Perseveranza
Strettamente legato al voto benedettino di ‘conversione’ è il voto di ‘Stabilità’.
Benedetto era profondamente consapevole del fatto che la conversione continua, il rivolgersi costantemente al Divino durante la preghiera e nella vita richiesto lungo il sentiero spirituale, è stato un processo difficile e spesso scoraggiante. Egli ha quindi sottolineato la forza della ‘stabilità’, con la quale intendeva in primo luogo la qualità della perseveranza, un radicamento nella tradizione e nella pratica.
Che cosa facciamo quando ci sentiamo riluttanti a meditare? Che cosa facciamo quando abbiamo paura di lasciarci andare? Che cosa facciamo quando sentiamo di essere un fallimento nella meditazione, perché non succede mai niente?
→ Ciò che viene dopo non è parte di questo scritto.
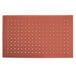 A red rectangular Cactus Mat with holes.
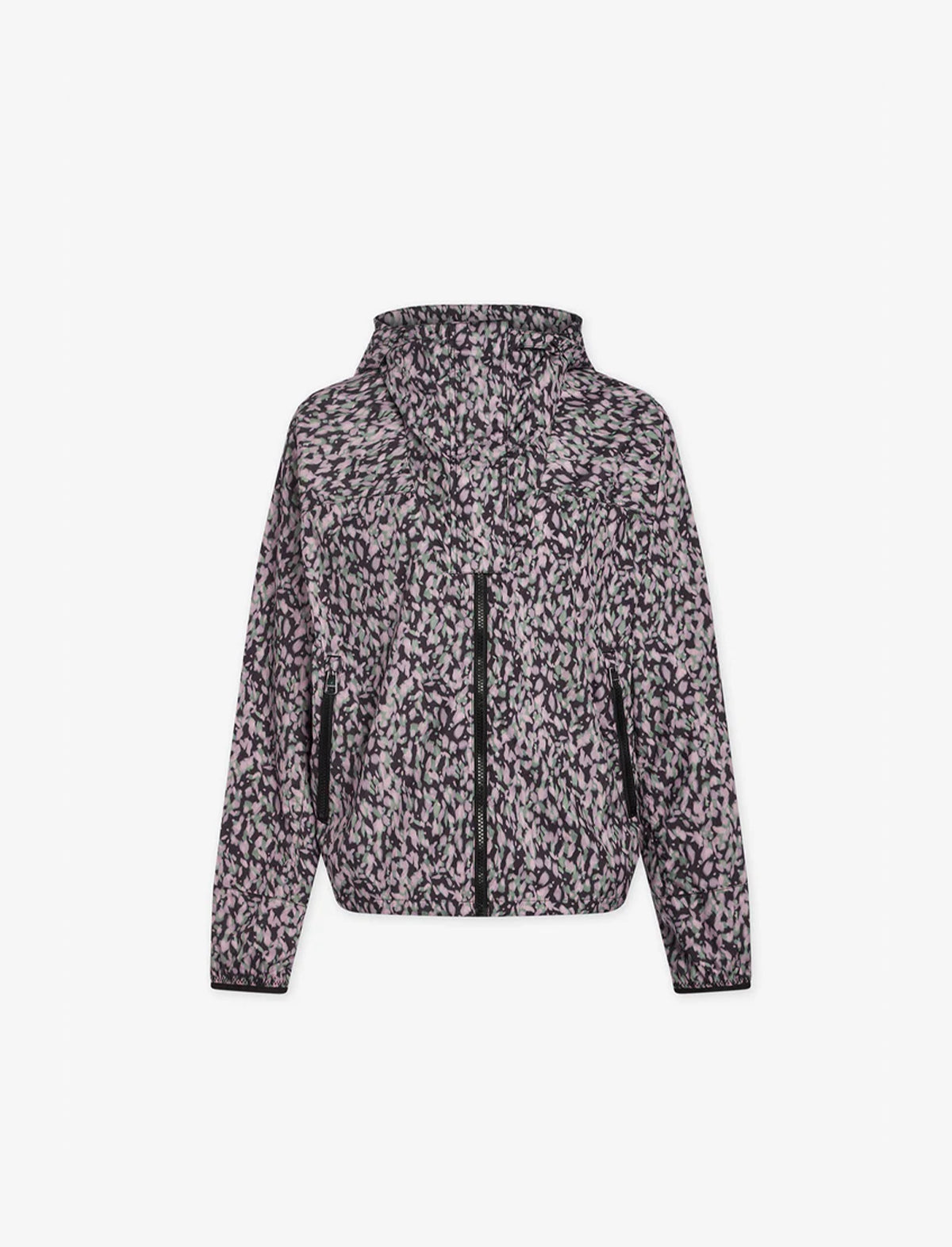 VARLEY Print Terrace Running Jacket in Dark Motion Petal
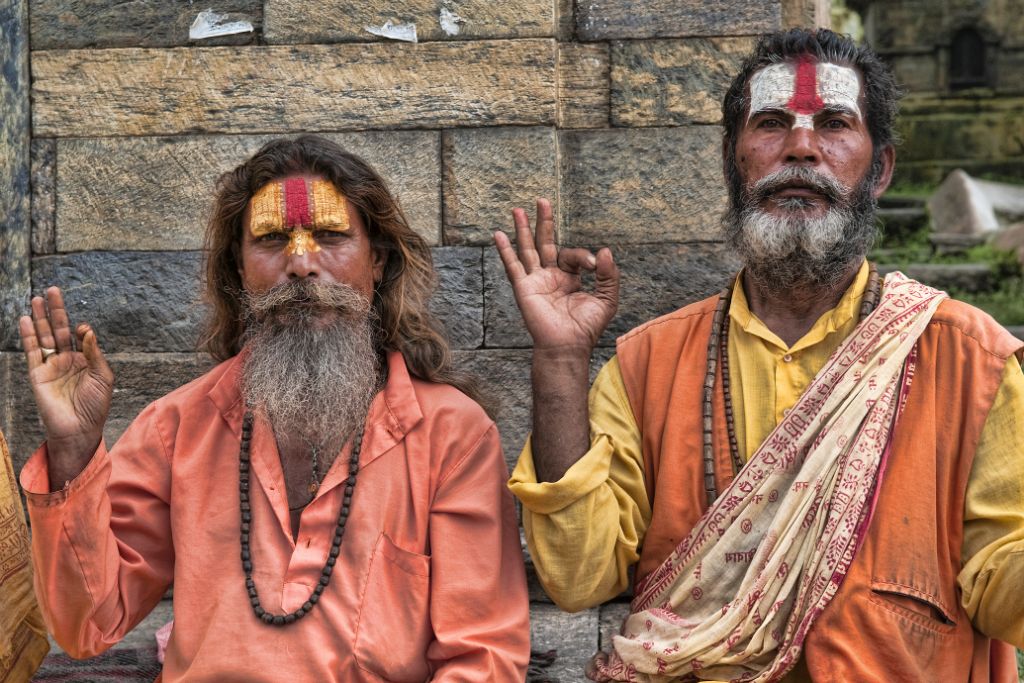 Kathmandu, Pashupatintah, sadhus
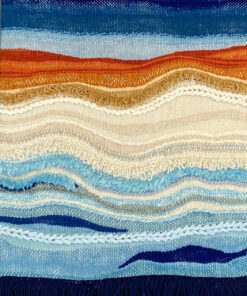 Falesia - Fibre Art Wall Hanging by Jane Rodenburg of Weave Deck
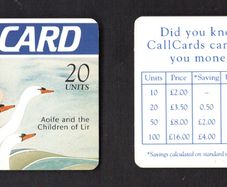 1994 Ireland 20 unit The Irish Mythology definitive Aoife and the Children of Lir (ODS) Call Card Used. Telecom Eireann card number 1069.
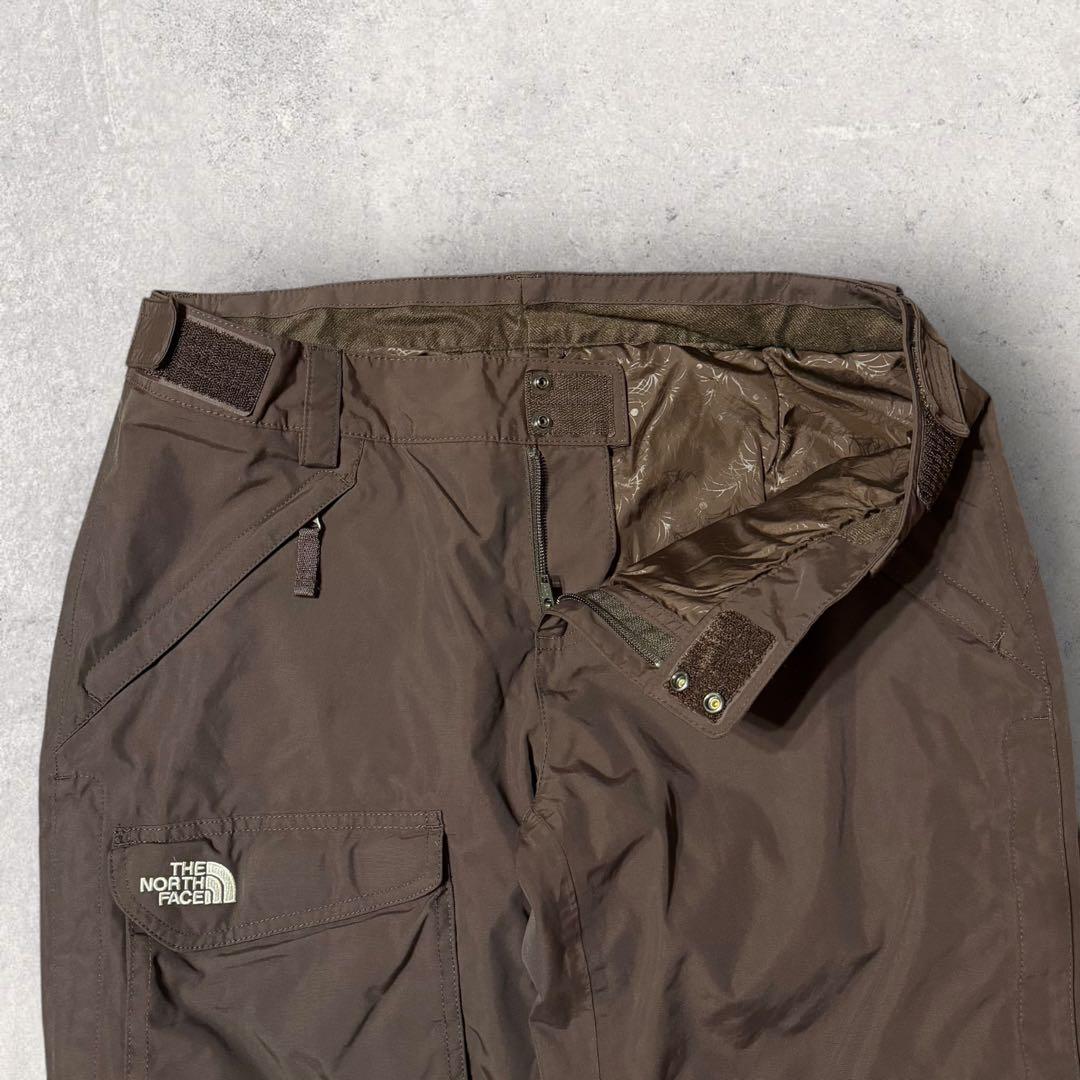 【ザ・ノースフェイス】スキー　スノーボード　パンツ　ハイベント　茶色　L 中綿k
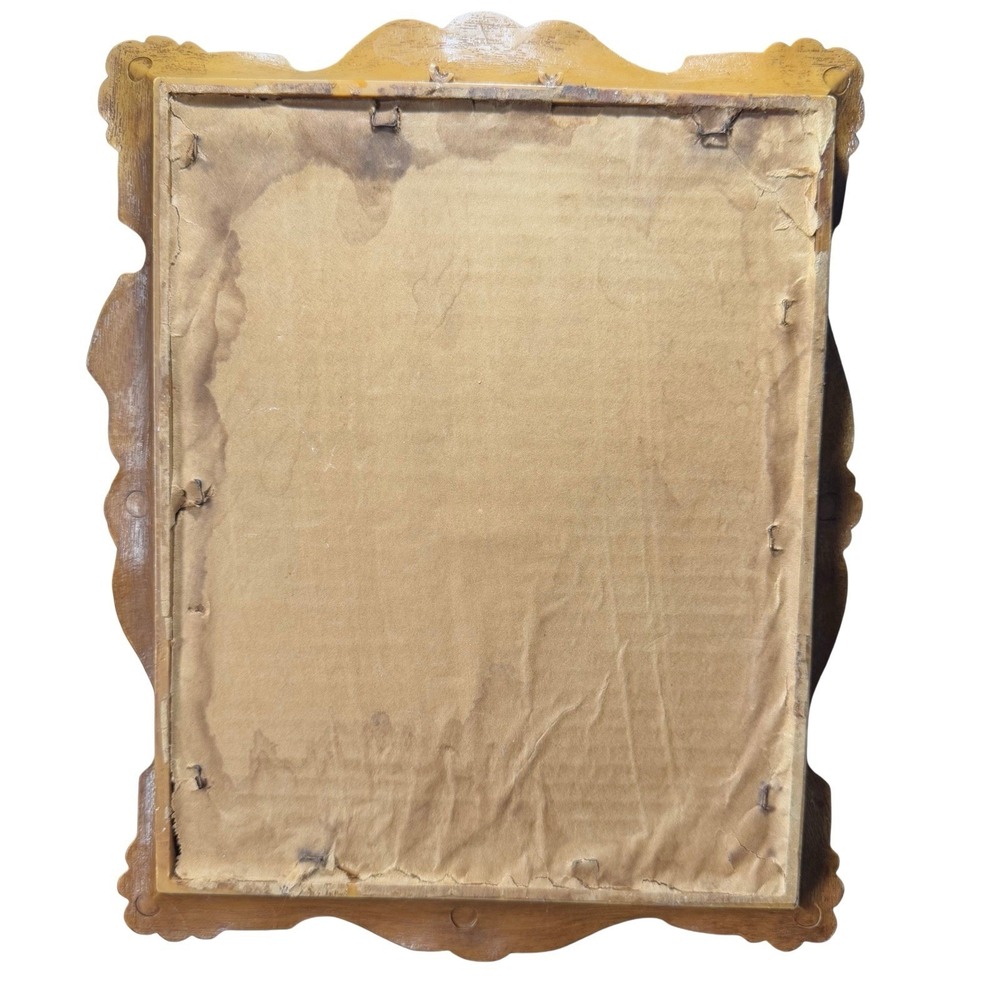 Lords Prayer Wall Art 3D Praying Hands Frame Resin Faux Wood 10.5x12" Religious - Picture 2 of 11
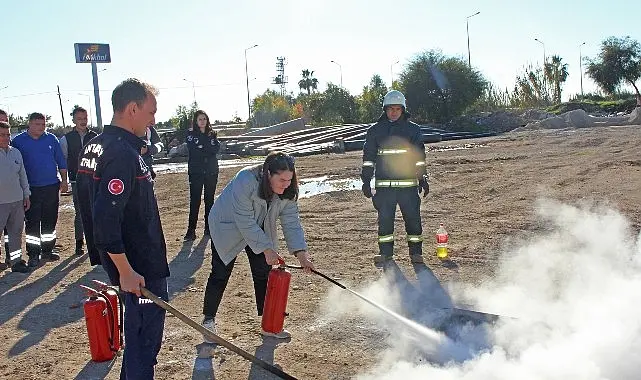 Antalya Büyükşehir Belediyesi İtfaiye Daire Başkanlığı tarafından Finike ve Döşemealtı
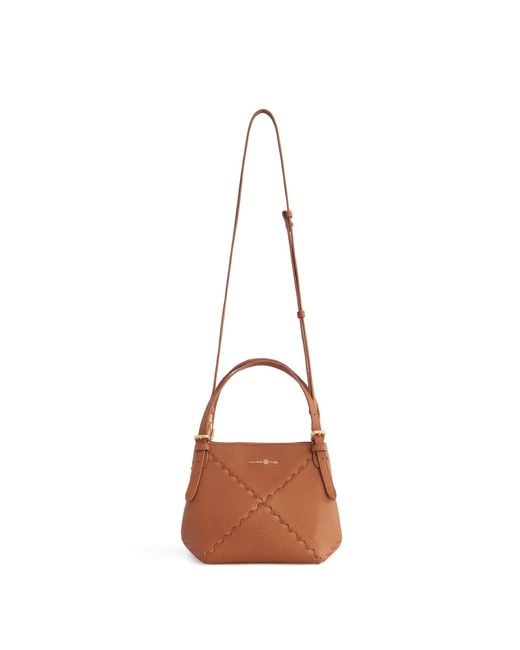 Orange Cube Brown Dusk Mosaic Mini Tote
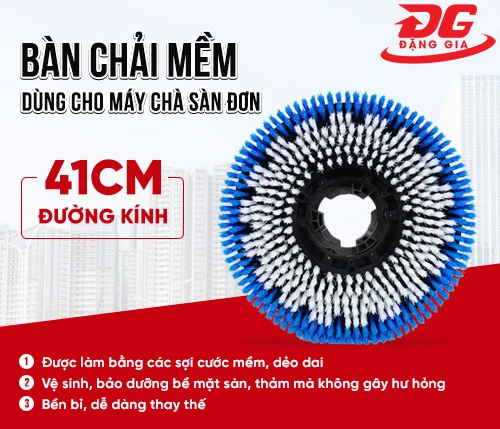 Bàn chải mềm máy chà sàn 2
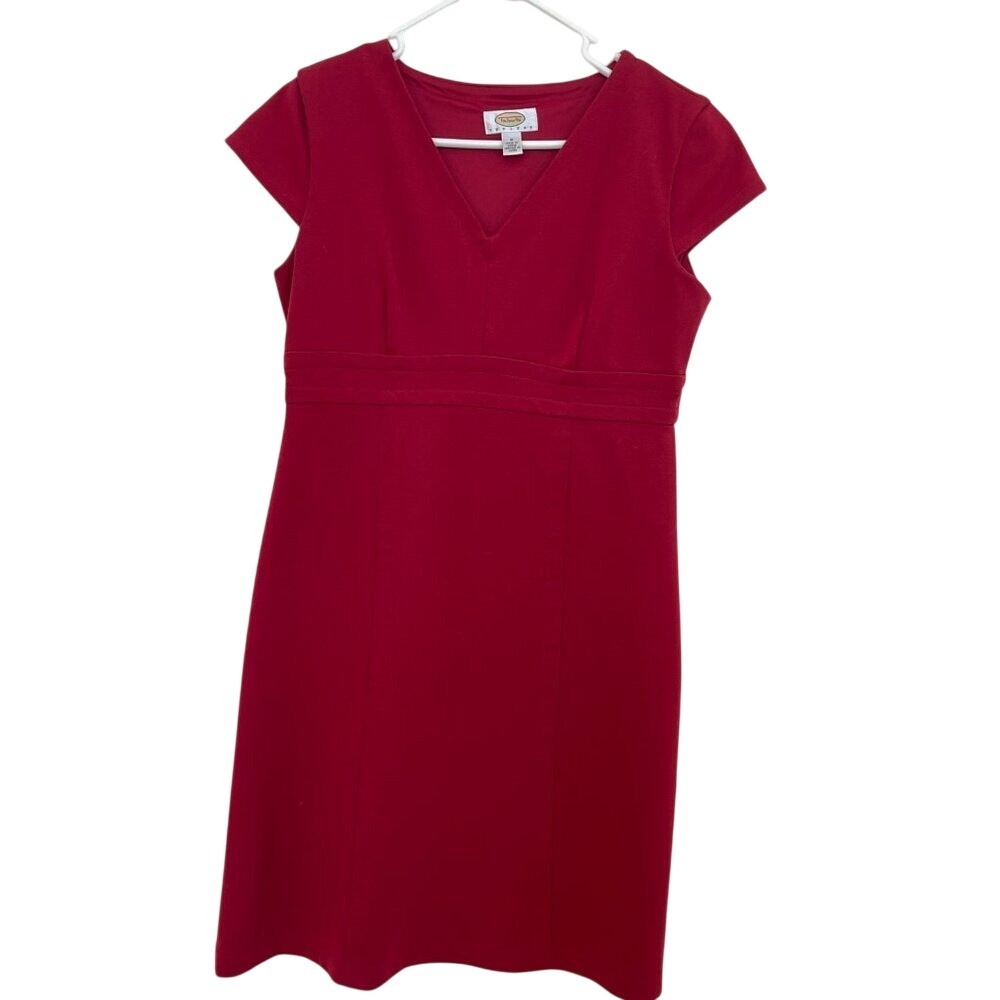 Talbots Burgundy Dress with Cap Sleeves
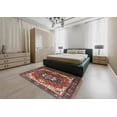 thumbnail image 4 of Ahgly Company Indoor Rectangle Mid-Century Modern Brown Oriental Area Rugs, 4' x 6', 4 of 6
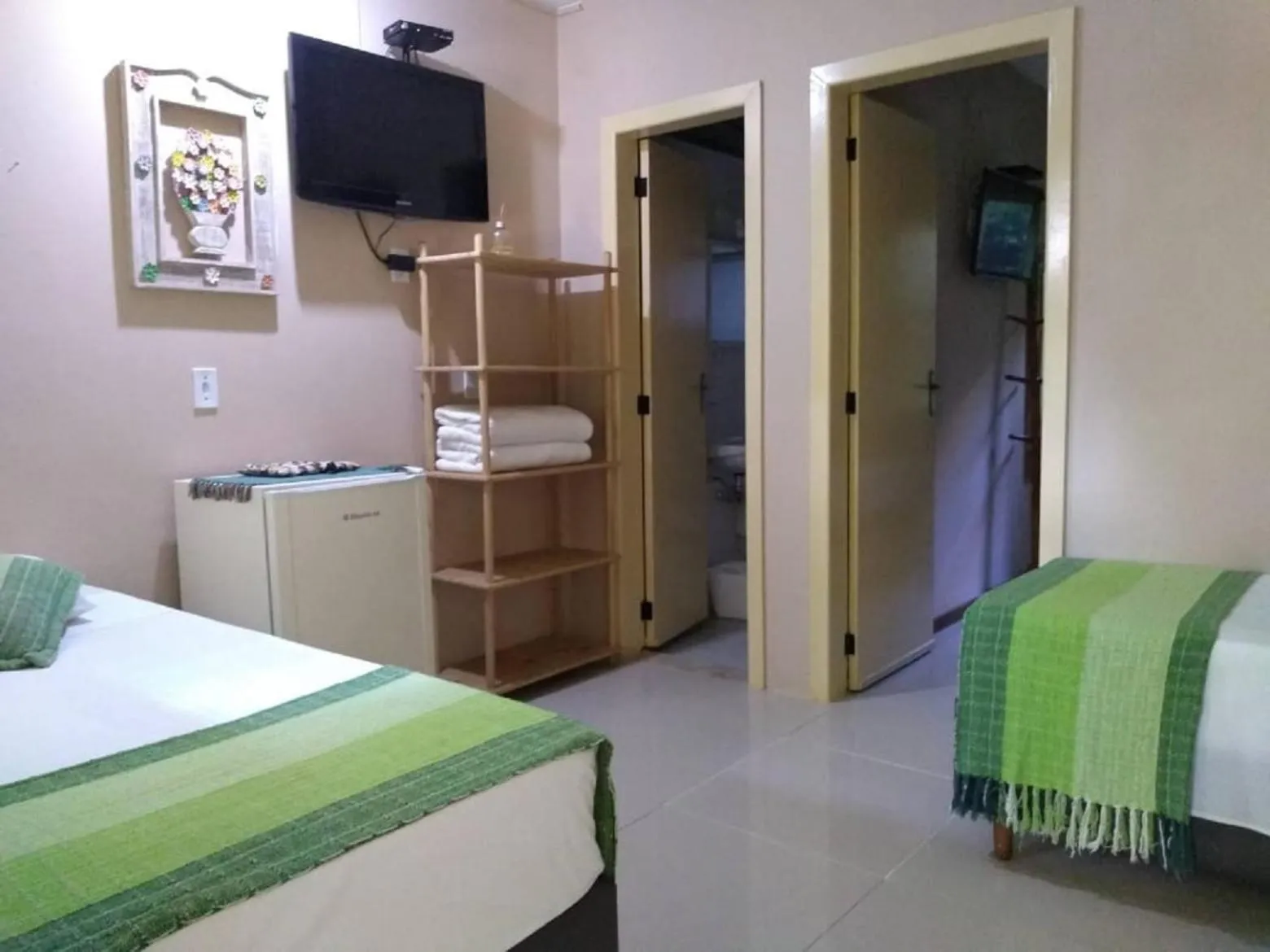 Bed in Pousada Recanto das Estrelas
La virtù della ‘ Stabilità ‘ ci insegna quanto segue: ci sediamo alla stessa ora e pronunciamo la nostra parola. Perseveriamo con la nostra pratica indipendentemente da ciò che accade o non accade. Fedelmente sediamo e pronunciamo il nostro mantra senza aspettarci nulla.
Il bello è che qualcosa sta accadendo ma ad un livello che va oltre la nostra personalità superficiale, il vero cambiamento sta avvenendo nel nostro centro profondo. Non siamo consapevoli di questo perché va oltre la nostra coscienza razionale. Se noi lasciassimo andare le cose con fiducia, la meditazione permetterebbe una conversione del cuore, uno spostamento dal sé superficiale al nostro vero sé in Cristo.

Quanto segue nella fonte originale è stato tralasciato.